The NHL trade freeze is on until Thursday as teams wait for Vegas to pick their team. There were some surprise names on the unprotected side of things, but hold on before projecting them onto Vegas’ roster, or your favourite team, as there might be a side deal already in place to prevent that. The NHL puts out the official salary cap for next season. The Coyotes are broke and need to find a way to the salary cap floor.

Protection List Surprises

Teams submitted their lists and they were revealed Sunday morning with some interesting names left unprotected. Detroit chose to protect the older, more expensive Jimmy Howard over Petr Mrazek. James Neal was left unprotected by Nashville.
The Florida Panthers went the eight skaters route, which is not that surprising considering the amount of good defensemen they have, but they protected Nick Bjugstad over Reilly Smith and Jonathan Marchessault. Marchessault scored 30 goals last season and Smith had 50 points last season, but Bjugstad had a tough year only scoring 14 points in 54 points. The Panthers must be gambling that veteran defenseman Jason Demers might be enticing to acquire for either Vegas or another team through the Golden Knights.
Josh Manson and Sami Vatanen were left unprotected by Anaheim, but there is speculation that the Ducks have made a deal with Vegas, which makes things a bit complicated.

Side Deals?!

The expansion draft is a fun and exciting twist to the usual offseason, but hold on to your mock drafts for the Golden Knights’ team just yet. A large amount of deals are reportedly being made so it’ll be virtually impossible to predict Vegas’ team, which the NHL will love.
Fans will have to tune into Wednesday’s award show, as it seems unlikely these deals will leak ahead of time.
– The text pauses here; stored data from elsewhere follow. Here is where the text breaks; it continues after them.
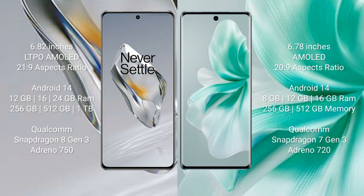OnePlus 12 runs on the Android 14 operating system. Vivo S18 also runs on the Android 14 operating system.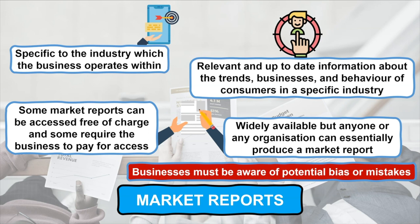Alongside market reports, businesses may utilise reports and journals produced by trade and industry associations such as the Advertising Standards Authority, who produce vast amounts of market reports for the marketing industry.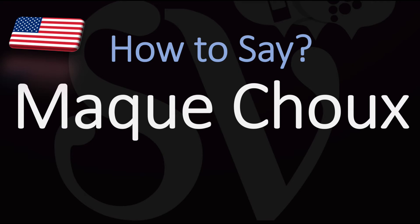So how do you go about pronouncing it? Mak. Shu. Mak shu. Traditional Cajun dish.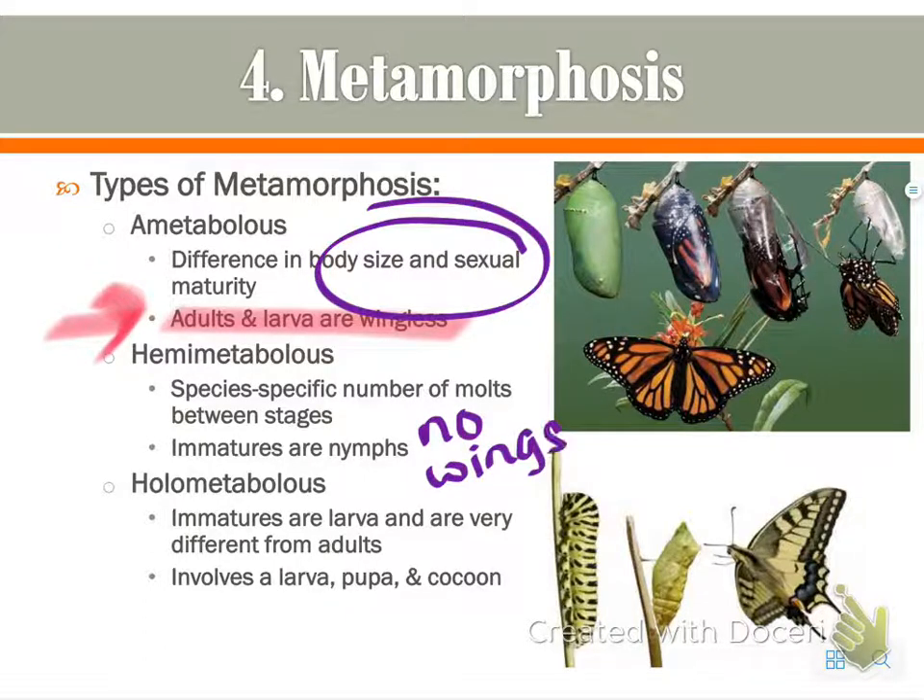A good example is the grasshopper. When immature, they look exactly like a grasshopper — they're just tiny and have no wings. As they go through their molts and stages they get bigger and bigger, and eventually, by the time they're an adult, they have full wings.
The Islanders made some curious decisions, including protecting five defensemen and only three forwards, but people close to the Islanders speculate that a deal has been made so they won’t lose a really good player, which could even come at the cost of a first-round draft pick and more.
The price to protect a player should be absurdly high as any team could offer more to obtain that player through Vegas themselves in a three-way trade. Minnesota left a few interesting players exposed in Eric Staal, Marco Scandella, and Matt Dumba, and the Wild are left without a first round pick this year, as well their second round picks this year and the next. If George McPhee wants picks and prospects in return, he might find a better deal to simply transfer Dumba or Scandella elsewhere.
It could be a wild few days, especially with the NHL draft occurring on Friday.

A $75-m Cap

There was some speculation the cap would remain flat for next year, but that doesn’t appear to be the case.
The salary cap will increase by $2-million, which means everything to contending teams, as well as the Vegas Golden Knights as they leverage their salary cap space into potential picks or prospects for taking on bad contracts. Although, Vegas
As of right now, only the Chicago Blackhawks are above the cap ceiling, although they should be compliant as soon as Wednesday if Marcus Kruger heads to Vegas like rumours say he is. The Blackhawks seem to always find a way to shed money.

Coyotes need Fake Money

According to TVA, the Arizona Coyotes are looking to acquire one of those weird contracts like Pavel Datsyuk had, where they carried a big cap hit but spend little to no actual money for it.
$4.25-million of Mike Smith’s contract is heading to Calgary, and Datsyuk’s contract expires, leaving the Coyotes to find a way to reach the salary floor without really spending all that money. The Coyotes need a contract with a big cap hit, but a lot of the actual dollars already paid. Some have linked a contract like the one Marian Hossa has to the Coyotes as a possible fit where they either acquire and buy him out or keep him on the roster, but he’s still a productive player and has a no-move clause so he’s in control of his situation.
David Clarkson’s playing days seem to be over, but his contract might be headed to Vegas.
The Coyotes will need to get creative in order to not spend real money, but how long can this go on and is this really the way the NHL wants its teams to operate?